**EXERCISE DETAILS**
Your answer should consist of every line from the records that holds the string "Toyota".

**MATERIAL SUPPLIED**
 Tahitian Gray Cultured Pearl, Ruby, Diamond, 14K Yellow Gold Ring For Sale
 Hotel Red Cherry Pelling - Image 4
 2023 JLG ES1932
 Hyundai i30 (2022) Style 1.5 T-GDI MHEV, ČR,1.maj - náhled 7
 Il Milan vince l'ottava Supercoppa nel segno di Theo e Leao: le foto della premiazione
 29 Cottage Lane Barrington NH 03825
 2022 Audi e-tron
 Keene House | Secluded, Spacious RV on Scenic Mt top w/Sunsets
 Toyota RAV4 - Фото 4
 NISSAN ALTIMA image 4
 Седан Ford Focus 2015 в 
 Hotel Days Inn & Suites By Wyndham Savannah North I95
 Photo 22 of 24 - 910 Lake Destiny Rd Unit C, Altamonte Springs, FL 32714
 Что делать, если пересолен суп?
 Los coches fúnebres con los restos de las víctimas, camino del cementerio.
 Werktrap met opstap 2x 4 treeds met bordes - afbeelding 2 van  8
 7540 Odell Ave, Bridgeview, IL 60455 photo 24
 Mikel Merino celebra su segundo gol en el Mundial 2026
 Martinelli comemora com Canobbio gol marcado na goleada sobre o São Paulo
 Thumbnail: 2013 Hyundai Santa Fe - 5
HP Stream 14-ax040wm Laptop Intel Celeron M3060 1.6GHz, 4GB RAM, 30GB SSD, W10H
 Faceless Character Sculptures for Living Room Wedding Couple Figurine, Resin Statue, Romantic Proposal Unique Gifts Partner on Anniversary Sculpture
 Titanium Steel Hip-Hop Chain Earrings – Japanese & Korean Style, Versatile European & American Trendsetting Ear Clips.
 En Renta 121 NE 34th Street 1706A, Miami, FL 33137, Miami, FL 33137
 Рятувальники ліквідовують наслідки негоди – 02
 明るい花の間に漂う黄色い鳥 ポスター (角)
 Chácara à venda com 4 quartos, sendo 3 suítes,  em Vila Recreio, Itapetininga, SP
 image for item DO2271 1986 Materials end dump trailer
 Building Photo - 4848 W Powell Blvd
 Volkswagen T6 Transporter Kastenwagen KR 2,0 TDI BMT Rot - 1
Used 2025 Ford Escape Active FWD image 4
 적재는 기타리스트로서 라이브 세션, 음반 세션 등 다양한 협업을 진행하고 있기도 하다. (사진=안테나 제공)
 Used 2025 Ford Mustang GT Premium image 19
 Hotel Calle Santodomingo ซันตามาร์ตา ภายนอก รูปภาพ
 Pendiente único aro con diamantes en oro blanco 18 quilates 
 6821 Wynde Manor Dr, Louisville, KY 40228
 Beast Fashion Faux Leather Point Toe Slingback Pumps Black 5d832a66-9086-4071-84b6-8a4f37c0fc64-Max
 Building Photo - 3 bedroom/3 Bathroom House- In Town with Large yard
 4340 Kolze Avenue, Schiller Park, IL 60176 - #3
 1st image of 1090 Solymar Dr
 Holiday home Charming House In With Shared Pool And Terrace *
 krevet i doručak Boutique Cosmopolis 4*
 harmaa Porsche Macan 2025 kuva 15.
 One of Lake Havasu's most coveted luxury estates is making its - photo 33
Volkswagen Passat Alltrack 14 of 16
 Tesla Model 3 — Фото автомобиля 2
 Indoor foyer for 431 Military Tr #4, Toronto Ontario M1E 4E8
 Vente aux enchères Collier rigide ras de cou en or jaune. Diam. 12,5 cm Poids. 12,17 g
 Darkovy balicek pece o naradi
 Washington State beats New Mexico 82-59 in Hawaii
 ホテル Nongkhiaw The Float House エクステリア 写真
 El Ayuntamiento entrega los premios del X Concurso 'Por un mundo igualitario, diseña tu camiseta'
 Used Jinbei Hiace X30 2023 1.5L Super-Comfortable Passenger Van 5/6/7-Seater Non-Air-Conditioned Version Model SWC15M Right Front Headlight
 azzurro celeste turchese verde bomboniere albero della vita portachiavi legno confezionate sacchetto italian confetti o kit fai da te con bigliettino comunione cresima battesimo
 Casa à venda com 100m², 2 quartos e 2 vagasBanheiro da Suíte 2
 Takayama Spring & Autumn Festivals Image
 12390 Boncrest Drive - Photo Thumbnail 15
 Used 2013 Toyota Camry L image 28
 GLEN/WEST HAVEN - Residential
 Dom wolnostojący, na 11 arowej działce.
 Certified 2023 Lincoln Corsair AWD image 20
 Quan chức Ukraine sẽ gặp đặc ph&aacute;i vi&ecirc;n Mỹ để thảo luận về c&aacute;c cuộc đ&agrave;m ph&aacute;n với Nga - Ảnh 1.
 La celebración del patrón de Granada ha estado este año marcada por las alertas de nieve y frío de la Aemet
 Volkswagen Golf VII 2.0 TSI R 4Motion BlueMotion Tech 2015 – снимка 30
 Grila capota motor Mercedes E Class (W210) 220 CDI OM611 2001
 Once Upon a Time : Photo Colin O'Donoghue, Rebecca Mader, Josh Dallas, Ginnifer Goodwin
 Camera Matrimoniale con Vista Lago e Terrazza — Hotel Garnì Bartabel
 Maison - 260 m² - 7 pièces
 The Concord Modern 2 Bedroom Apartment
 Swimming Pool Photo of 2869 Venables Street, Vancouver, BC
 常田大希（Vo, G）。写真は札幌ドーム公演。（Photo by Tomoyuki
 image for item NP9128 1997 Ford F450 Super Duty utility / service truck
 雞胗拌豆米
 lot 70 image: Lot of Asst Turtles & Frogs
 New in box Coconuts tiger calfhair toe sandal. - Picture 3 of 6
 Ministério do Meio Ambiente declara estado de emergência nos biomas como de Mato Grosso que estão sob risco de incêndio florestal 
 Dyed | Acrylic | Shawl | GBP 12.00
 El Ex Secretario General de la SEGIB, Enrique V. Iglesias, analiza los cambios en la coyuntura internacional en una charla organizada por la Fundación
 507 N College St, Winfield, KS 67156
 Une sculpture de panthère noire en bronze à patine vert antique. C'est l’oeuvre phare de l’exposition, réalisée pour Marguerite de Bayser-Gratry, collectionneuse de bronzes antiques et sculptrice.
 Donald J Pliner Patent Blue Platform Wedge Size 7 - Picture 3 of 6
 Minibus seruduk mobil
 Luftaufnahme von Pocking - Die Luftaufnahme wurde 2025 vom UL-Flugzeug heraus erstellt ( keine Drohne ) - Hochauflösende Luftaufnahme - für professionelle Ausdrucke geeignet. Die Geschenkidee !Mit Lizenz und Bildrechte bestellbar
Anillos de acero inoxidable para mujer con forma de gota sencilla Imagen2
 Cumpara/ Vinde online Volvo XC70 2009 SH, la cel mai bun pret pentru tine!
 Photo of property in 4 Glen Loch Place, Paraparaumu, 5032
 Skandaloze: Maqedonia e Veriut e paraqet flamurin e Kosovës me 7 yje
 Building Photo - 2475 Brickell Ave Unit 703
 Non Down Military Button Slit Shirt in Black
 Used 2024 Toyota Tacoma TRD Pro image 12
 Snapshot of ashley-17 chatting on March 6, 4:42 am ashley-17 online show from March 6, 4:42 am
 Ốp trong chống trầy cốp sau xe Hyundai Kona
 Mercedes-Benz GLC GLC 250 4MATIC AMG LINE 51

**WRITTEN REPLY**
 Toyota RAV4 - Фото 4
 Used 2013 Toyota Camry L image 28
 Used 2024 Toyota Tacoma TRD Pro image 12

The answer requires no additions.